Action item
Leaving out every picture, copy the lines of the material below exactly, from the line containing "Technologic Papers of" through the line containing "You are ventilating".

Records for the task
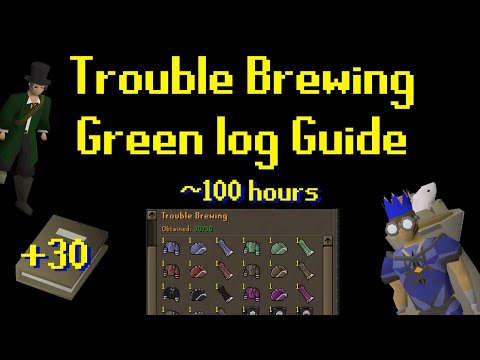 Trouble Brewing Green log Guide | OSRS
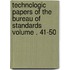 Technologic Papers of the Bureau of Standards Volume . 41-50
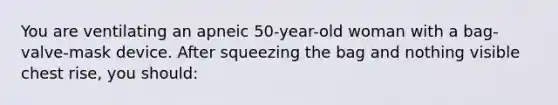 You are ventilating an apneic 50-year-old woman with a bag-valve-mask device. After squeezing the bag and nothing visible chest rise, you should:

==

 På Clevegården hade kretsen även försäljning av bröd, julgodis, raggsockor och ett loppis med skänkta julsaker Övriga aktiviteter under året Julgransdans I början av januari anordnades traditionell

Written reply
 Technologic Papers of the Bureau of Standards Volume . 41-50
 You are ventilating an apneic 50-year-old woman with a bag-valve-mask device. After squeezing the bag and nothing visible chest rise, you should:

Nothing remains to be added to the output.